My list includes longtime personal favorites (Kelley Stoltz, The Green Pajamas, and King Gizzard and the Lizard Wizard), bands new to me (Hillsborough, The Pinheads, and The Backseat Lovers), bands I’ve paid attention to throughout their careers and to whom I have to admit I’m predisposed (Michael Head, Babe Rainbow, and Spoon), and one band I dismissed earlier because of their musical type (Goose, as jam band). 

The links are all Spotify links.  Note: a little less than half of all Spotify users pay to use the service.  I do.  BFD.

THE STYLIST by Kelley Stoltz (on Agitated Records – Stoltz is from San Francisco, California).

One line intro: Stoltz has eight great albums since 2013, and while you could argue that any one of them is a Top Ten album, this is a 2022 Top Ten List after all.

Standout Track We Grew So Far Apart

THE MIRROR by The Pinheads (on Farmer & The Owl Records – The Pinheads are Australian).

One line intro: Think Television meets Moonlight Mile-style desperation (as in The Stones’ Moonlight Mile) inside a poorly-ventilated garage.

Standout Track HEART OF DARKNESS

DEAR SCOTT by Michael Head and the Red Elastic Band (on Modern Sky – Head is British).

One line intro: Out of the blue (for me, anyway) killer album by long-standing, accomplished, and very literate songwriter.

Standout Track Gino and Rico

DRIPFIELD by Goose (on No Coincidence Records – Goose is from Norwalk, Connecticut).

Two line intro: Eschewing and transcending its beginnings as a jam band, Dripfield is perhaps the best modern rock album of 2022. Consequently, I’m replacing every new instance of onward and upward with eschew and transcend.

Standout Track Dripfield

COMIN’ BACK FOR YOU by Hillsborough (on Heartsville Music – from Australia).

One line intro: Modern countrified blues-rock with equal nods to Mark Sandman’s Treat Her Right and all that is good in harder-edged alt-country.

Standout Track Stitches

FOREVER FOR A LITTLE WHILE by The Green Pajamas (on Green Monkey Records – The band’s from Seattle, Washington). 

One line intro: If it’s possible that to consolidate all you’ve done in the past and hit your peak after 25+ albums, Forever for a Little While is a case in point.
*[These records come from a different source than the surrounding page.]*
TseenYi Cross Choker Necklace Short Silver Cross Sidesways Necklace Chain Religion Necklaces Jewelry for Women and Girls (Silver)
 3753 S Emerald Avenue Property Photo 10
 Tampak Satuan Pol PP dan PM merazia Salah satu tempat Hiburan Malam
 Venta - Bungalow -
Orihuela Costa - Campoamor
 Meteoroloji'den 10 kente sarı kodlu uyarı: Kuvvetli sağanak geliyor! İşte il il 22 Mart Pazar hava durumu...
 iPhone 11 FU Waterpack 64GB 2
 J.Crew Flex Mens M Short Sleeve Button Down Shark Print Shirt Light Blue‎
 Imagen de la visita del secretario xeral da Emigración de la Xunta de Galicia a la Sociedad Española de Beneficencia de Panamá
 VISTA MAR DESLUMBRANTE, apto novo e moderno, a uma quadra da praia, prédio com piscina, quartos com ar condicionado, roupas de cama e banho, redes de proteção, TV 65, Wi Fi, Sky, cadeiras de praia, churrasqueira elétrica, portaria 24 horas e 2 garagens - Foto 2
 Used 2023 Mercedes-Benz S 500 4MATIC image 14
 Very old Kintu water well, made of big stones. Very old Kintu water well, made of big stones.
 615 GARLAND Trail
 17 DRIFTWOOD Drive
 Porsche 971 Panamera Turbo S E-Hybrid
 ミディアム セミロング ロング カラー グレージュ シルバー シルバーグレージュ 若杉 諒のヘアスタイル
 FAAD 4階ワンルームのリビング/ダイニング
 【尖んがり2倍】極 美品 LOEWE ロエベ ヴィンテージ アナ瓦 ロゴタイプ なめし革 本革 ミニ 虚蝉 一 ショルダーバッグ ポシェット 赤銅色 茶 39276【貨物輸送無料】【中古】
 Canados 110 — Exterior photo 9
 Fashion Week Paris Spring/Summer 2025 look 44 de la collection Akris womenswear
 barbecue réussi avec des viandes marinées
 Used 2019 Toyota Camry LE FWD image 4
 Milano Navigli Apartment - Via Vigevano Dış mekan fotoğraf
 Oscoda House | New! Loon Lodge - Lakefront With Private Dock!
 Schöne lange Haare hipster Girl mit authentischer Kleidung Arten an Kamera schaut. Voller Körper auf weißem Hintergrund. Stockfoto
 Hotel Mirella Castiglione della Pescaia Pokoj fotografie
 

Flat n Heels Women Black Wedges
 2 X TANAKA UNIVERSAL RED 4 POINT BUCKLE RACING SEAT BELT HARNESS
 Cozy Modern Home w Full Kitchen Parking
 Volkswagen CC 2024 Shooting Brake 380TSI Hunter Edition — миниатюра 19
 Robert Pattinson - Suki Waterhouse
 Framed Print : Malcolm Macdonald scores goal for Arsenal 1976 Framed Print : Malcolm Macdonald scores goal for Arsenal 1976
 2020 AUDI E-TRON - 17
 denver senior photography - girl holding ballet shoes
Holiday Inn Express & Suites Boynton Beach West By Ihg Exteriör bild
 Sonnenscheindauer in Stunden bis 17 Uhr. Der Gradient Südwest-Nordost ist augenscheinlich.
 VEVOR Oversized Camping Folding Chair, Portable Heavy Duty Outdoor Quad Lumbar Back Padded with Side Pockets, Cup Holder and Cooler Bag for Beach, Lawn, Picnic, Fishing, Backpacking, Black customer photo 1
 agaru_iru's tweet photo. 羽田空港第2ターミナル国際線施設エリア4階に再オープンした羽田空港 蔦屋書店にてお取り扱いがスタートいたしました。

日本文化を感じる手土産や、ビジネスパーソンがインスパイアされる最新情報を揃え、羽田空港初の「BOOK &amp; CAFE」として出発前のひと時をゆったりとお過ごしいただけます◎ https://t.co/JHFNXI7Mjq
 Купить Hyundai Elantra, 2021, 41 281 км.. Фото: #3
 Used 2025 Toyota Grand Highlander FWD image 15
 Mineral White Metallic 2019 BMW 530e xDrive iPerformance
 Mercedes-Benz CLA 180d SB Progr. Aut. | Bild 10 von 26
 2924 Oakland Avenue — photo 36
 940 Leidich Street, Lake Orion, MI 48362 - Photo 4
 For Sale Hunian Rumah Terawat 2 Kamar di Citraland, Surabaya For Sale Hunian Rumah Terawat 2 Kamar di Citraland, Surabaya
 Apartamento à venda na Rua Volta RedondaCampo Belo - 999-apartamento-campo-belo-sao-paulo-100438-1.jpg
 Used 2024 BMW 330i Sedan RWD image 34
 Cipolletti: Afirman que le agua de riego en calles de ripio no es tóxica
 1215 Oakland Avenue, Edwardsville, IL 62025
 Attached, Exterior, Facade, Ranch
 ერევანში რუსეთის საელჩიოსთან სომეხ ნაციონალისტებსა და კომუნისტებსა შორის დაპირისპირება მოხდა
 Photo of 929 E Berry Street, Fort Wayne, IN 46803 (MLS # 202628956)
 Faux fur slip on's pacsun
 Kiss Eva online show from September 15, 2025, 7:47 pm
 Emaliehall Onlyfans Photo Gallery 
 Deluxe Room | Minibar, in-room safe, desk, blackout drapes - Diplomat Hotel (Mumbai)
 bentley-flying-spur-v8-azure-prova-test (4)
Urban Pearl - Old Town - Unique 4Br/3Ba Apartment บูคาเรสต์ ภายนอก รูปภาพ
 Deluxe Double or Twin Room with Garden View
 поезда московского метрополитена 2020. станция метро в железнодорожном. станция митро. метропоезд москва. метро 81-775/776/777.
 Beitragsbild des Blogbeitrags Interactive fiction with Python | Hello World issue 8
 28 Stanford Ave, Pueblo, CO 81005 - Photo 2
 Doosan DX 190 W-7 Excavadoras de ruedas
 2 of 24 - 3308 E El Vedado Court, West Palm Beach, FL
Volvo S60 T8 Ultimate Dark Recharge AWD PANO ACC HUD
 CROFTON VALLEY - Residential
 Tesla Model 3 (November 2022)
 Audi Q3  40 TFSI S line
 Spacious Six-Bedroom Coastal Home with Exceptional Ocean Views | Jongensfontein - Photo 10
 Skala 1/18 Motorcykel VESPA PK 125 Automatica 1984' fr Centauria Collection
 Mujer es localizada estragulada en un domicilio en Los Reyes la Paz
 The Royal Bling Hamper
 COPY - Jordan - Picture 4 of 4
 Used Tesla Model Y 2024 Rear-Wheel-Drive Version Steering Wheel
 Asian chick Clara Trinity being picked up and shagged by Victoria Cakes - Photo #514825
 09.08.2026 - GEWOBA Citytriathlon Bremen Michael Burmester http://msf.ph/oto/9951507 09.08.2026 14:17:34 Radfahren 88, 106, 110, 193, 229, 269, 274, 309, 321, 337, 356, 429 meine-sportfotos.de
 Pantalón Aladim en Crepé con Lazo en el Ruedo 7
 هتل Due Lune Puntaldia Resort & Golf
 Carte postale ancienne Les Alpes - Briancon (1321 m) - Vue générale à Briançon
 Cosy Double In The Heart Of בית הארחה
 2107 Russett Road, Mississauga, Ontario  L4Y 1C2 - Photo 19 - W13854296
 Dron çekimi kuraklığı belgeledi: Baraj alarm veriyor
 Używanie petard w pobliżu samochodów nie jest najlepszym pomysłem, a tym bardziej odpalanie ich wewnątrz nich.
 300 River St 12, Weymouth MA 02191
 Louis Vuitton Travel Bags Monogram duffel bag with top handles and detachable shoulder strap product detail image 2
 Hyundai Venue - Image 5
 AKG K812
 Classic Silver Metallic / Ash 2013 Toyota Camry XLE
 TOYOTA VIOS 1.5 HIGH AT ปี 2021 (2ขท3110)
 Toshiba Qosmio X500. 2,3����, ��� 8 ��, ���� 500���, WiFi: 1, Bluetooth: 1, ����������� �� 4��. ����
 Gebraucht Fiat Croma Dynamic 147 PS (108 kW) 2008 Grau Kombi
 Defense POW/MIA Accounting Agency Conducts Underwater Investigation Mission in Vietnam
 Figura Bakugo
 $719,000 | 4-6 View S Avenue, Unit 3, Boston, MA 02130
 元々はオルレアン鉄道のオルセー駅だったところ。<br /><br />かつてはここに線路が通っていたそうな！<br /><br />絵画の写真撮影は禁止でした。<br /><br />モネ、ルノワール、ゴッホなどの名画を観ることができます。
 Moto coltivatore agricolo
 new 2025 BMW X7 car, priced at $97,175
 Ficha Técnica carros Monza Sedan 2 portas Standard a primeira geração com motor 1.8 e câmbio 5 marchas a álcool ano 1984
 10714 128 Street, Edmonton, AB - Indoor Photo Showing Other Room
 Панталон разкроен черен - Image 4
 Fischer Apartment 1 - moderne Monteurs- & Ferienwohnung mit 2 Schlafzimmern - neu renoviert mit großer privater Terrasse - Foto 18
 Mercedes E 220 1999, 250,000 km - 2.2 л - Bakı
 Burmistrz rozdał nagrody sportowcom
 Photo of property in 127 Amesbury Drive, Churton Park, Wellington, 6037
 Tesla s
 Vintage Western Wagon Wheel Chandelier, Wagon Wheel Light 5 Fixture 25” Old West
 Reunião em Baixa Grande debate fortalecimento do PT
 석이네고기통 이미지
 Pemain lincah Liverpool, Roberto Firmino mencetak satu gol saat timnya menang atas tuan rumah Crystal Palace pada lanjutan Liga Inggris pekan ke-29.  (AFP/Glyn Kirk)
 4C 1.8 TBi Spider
Standout Track Six Minutes in Heaven

THE ORGANIC BAND by Babe Rainbow (on Eureka Music – from Australia)

One line intro: I once described Babe Rainbow to a friend as King Gizzard forced to create conventional psych-rock pop songs, and The Organic Band pulls all of Babe Rainbow’s charms into a single album.

Standout Track All the Power

WAITING TO SHARE by The Backseat Lovers (on UMG – The Backseat Lovers are from Provo, Utah)

One line intro: Anguish as art is not a new indie idea, but as Paul Simon wrote in Boy in the Bubble, “every generation throws a hero up the pop charts,” and in the case of The Backseat Lovers, anguish and song dynamics go hand in hand.

Standout Track Know Your Name

ICE, DEATH, PLANETS, LUNGS, MUSHROOMS AND LAVA by King Gizzard and the Lizard Wizard (on KGLW Records – King Gizzard is from Australia)

One line intro: Just keeping track of the band’s releases is a full time job, and no more so than in 2022, but this album pulls everything good about KGLW into one neat package: it’s both way way out there and eminently listenable.

Standout Track Hell’s Itch

LUCIFER ON THE SOFA by Spoon (on Matador Records – Spoon’s from Austin, Texas)

One line intro: Another high point in Spoon’s seventeen year career.